This section describes how to feed text into the pipeline. To do that you first need to find some adequate text corpora that you can feed into the pipeline. It would be best to get text that consists of narrative literature, adventure and young-adult novels, newspaper stories. These contain a good mix of common nouns and verbs, which is needed for conversational natural language.

It turns out that Wikipedia is a poor choice for a dataset. That's because the "encyclopedic style" means it contains few pronouns, and few action-verbs (hit, jump, push, take, sing, love) because its mostly describing objects and events (is, has, was). It also contains large numbers of product names, model numbers, geographical place names, and foreign language words, which do little or nothing for learning grammar. Finally, it has large numbers of tables and lists of dates, awards, ceremonies, locations, sports-league names, battles, etc. that get mistaken for sentences, and leads to unusual deductions of grammar. Thus, Wikipedia is not a good choice for learning text.

There are various scripts in the learn/download directory for downloading and pre-processing texts from Project Gutenberg, Wikipedia, and the "Archive of Our Own" fan-fiction website. Once you are sure you have the right material to start, follow the next steps:

  1. To avoid using an ad-hoc tokenizer in the process, the current pipeline assumes that the texts have been pre-tokenized in the user's preferred way, and the current pipeline only does naive tokenization on them (splitting by space). As such, we need to empty the affix-punc file in link-grammar/any/ directory. It's recommended to make a copy of the origina to restore for other possible uses of the link-parser in "any" mode. If you didn't build link-grammar in a different location, this should work:

    sudo mv /usr/local/share/link-grammar/any/affix-punc /usr/local/share/link-grammar/any/affix-punc_original 
    sudo touch /usr/local/share/link-grammar/any/affix-punc
    
  2. Setup the working directory by running the following commands from the root of your learn clone, if you haven't already.

    ~/learn$ mkdir build
    ~/learn$ cd build
    ~/learn/build$ rm -rf *
    ~/learn/build$ cmake ..
    ~/learn/build$ make
    ~/learn/build$ sudo make install
    ~/learn/build$ make run-ull
    

    Review the file README-run.md if you want to have a general understanding of what each of these scripts/files do.

  3. Put all the training plain text files of the same language in a separate directory inside your working directory, at ~/learn/build/run-ull/. The scripts used in this section use by default the name beta-pages for such a directory, so if you want to use a different name make sure you change the respective path inside the text-process.sh script. Also, keep in mind that the files will be removed from the folder after being processed, so make sure you keep a back-up of them somewhere else (you don't want to mess up the original files after all the work done to get them).

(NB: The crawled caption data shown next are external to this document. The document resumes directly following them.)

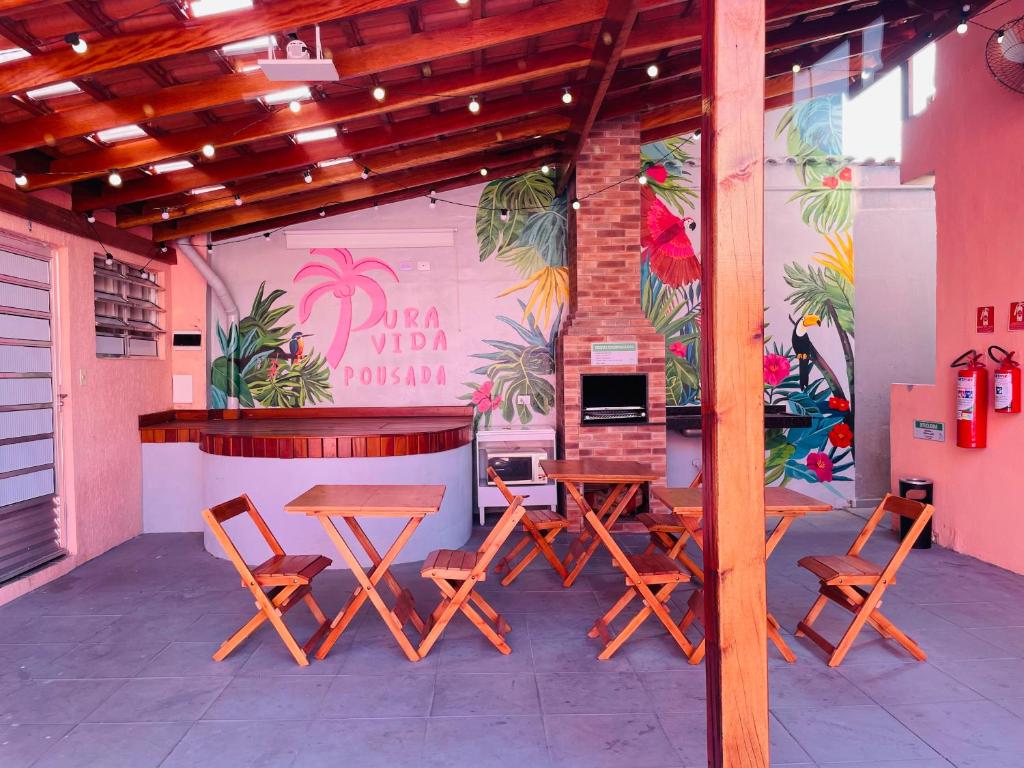 a restaurant with wooden tables and chairs and a wall at Pousada Pura Vida in Bertioga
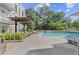 Community pool featuring lounge chairs, landscaping, and shade canopy at 775 Juniper Ne St # 111, Atlanta, GA 30308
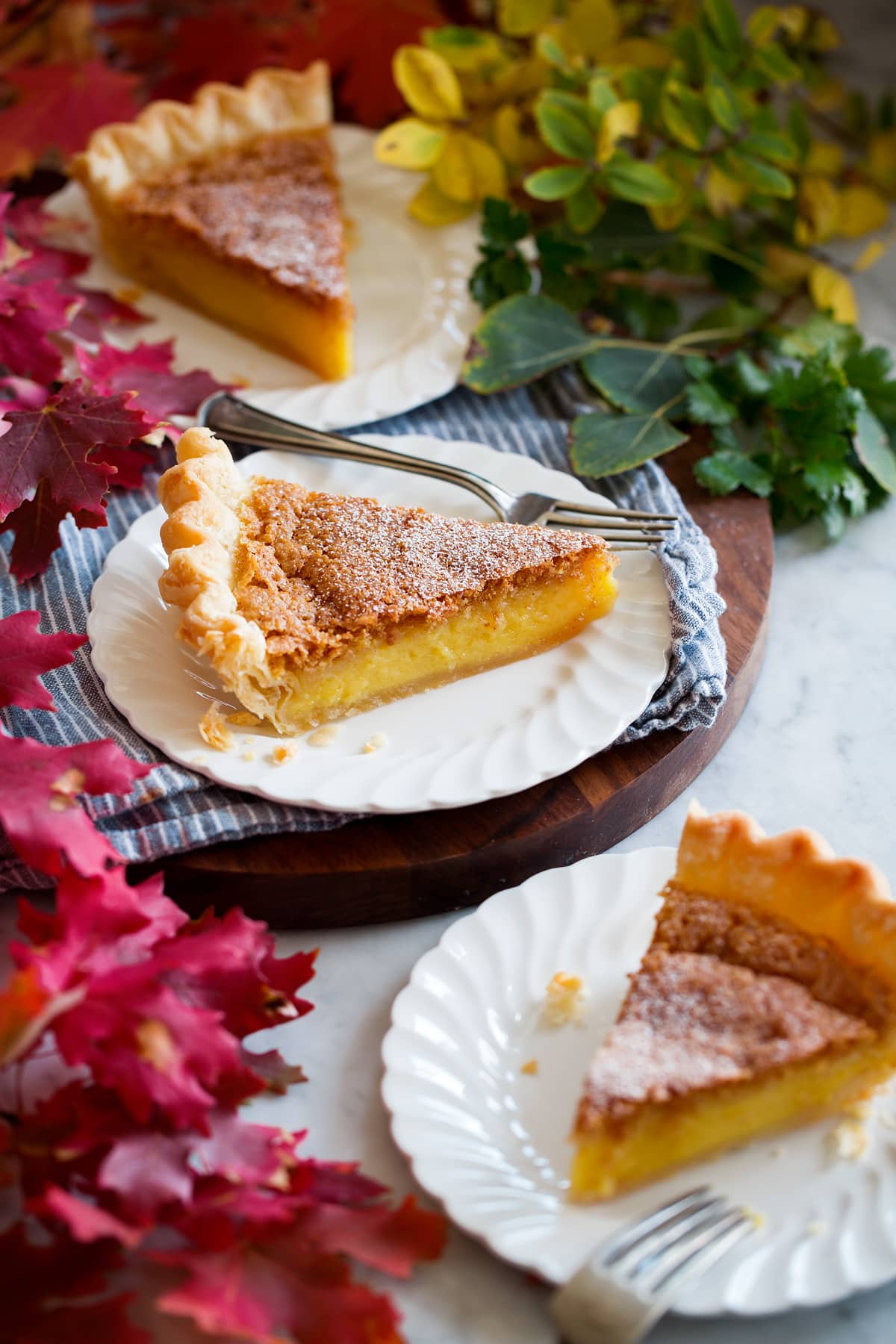 Three slices of chess pie shown on white dessert plates with vibrantly colored fall leaves surrounding.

    If you used the provided example scripts, you should have a test file in the alpha-pages folder. Make a copy of this folder with the desired name.

       cp -pr alpha-pages beta-pages
    
  4. Set up distinct databases, one for each language you will work with:

       createdb fr_pairs lt_pairs pl_pairs en_pairs
       cat $ATOMSPACE_SOURCE_DIR/opencog/persist/sql/multi-driver/atom.sql | psql ??_pairs
    
  5. If you are familiar with the counting and parsing methods used in the pipeline, open config/params.txt and choose the counting mode you want to use. Otherwise, just leave the default values. There are currently three observing modes, set by cnt_mode and taking another integer parameter:

    • any: counts pairs of words linked by the LG parser in 'any' language. In this case, 'count-reach' specifies how many linkages from LG-parser to use. If cnt_reach is set to 0, then it uses all returned parses.
    • clique: itearates over each word in the sentence and pairs it with every word located within distance 'count-reach' to its right. Distance is defined as the difference between words positions in the sentence, so neighboring words have distance of 1.
    • clique-dist: same word-pairs as 'clique', but the count in each word pair is incremented by 'cnt_reach / distance'
  6. In your working directory at ~/learn/build/run-ull run the following:

       ./run-multiple-terminals.sh pairs lang ??_pairs your_user your_password
    

    This starts the cogserver and sets a default prompt: set up by default to avoid conflicts and confusion, and to allow multiple languages to be processed at the same time.

    Replace the arguements above with the ones that apply to the language you are using and your database credentials. User and password are optional, as previously explained. For example, for english run:

       ./run-multiple-terminals.sh pairs en en_pairs opencog_user cheese
    
  7. In the parse tab of the byobu (you can navigate with the F3 and F4 keys), run the following:

       ./text-process.sh pairs en
    

    Or can change 'en' for the respective language initials. If this command shows the error

    nc: invalid option -- 'N'

    open process-one.sh and remove the -N option from the nc commands (some versions of netcat require this option).

  8. Wait some time, possibly a few days. When finished, stop the cogserver.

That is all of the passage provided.